An exact repetition of the data below, without images, is the expected answer.

SUPPLIED DATA: Begin

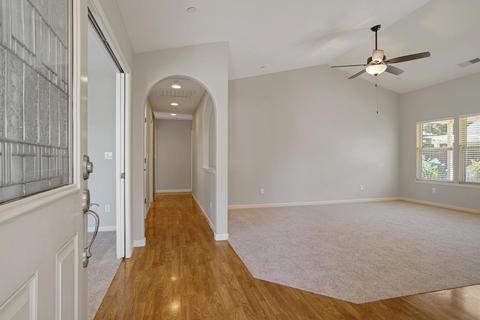 731 Young Ct, Galt, CA 95632 photo 8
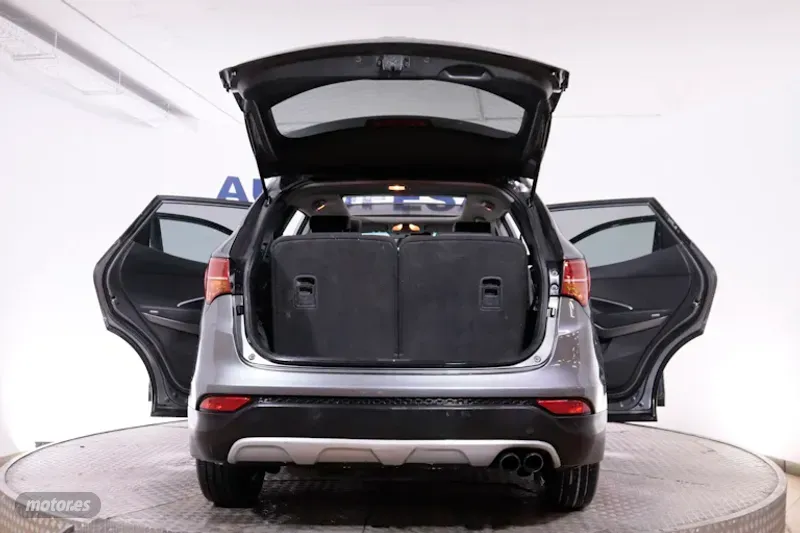 Hyundai Santa Fe - foto 9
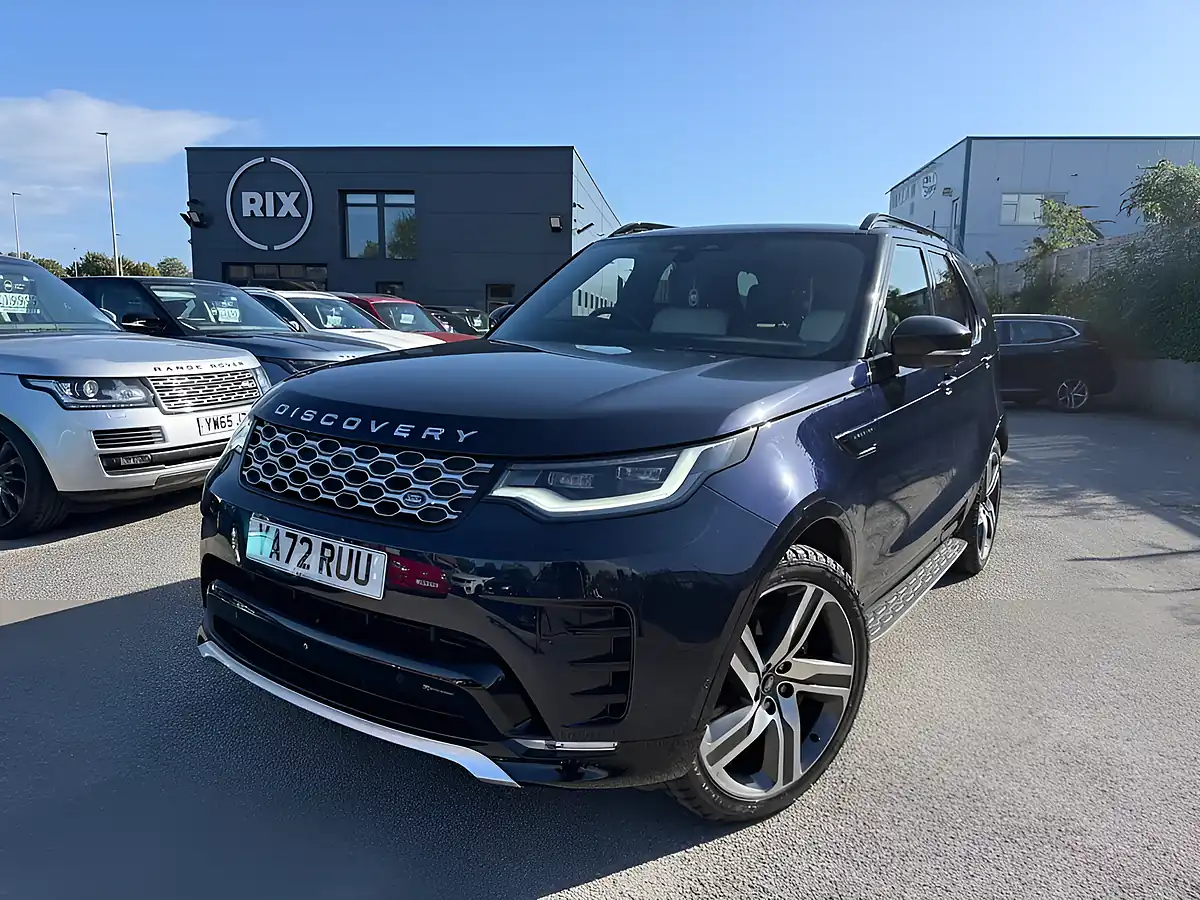 Used 2023 Land Rover Discovery 5 Metropolitan Edition Portofino Blue - Front View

SUPPLIED DATA: End

TASK RESULT:
 731 Young Ct, Galt, CA 95632 photo 8
 Hyundai Santa Fe - foto 9
 Used 2023 Land Rover Discovery 5 Metropolitan Edition Portofino Blue - Front View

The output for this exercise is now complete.